» **AIM OF THE EXERCISE**
From the listing below, please restate exactly the lines beginning at the one with "10 KOS Mini" and ending at the one with "Tapa encimera Hojas de lechuga", both included, and skip the pictures.

==================================================

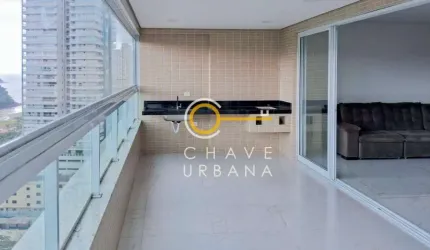 Apartamento com 3 dormitórios à venda, 147 m² por R$ 1.755.000,00 - Canto do Forte - Praia Grande/SP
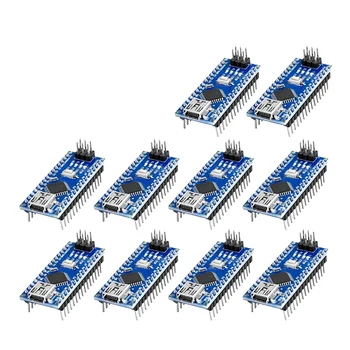 10 KOS Mini USB Nano za Arduino V3.0 ATmega328P Modul CH340C 5V 16M Mikro-Krmilnik (Nano10)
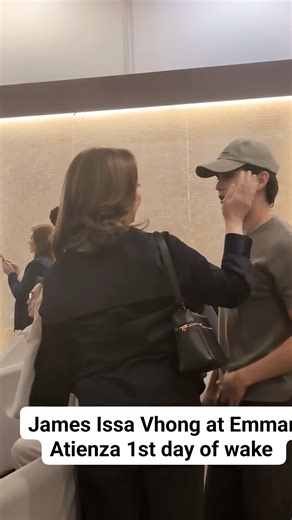 James, Issa, Vhong at Madam Cory Vidanes at Emman Atiienza’s wake. ©️ Tea and Fame #JamesReid | James Reid | @james | REIDersOfficial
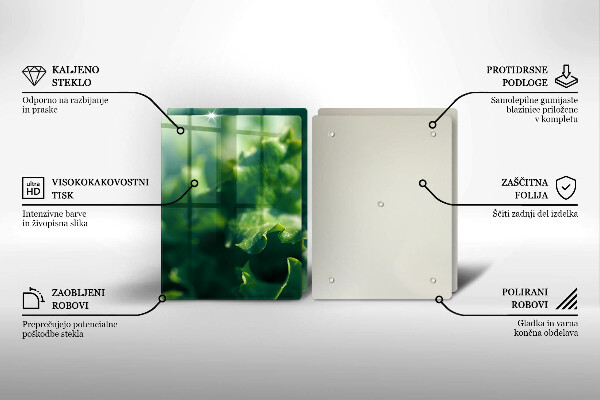 Tapa encimera Hojas de lechuga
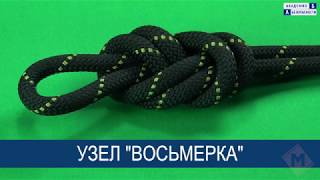 Канатные узлы, используемые при работе на высоте. Узел «Восьмерка» Канатные узлы, используемые при работе на высоте. Узел «Восьмерка»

==================================================

» **ANSWER BOX**
 10 KOS Mini USB Nano za Arduino V3.0 ATmega328P Modul CH340C 5V 16M Mikro-Krmilnik (Nano10)
 James, Issa, Vhong at Madam Cory Vidanes at Emman Atiienza’s wake. ©️ Tea and Fame #JamesReid | James Reid | @james | REIDersOfficial
 Tapa encimera Hojas de lechuga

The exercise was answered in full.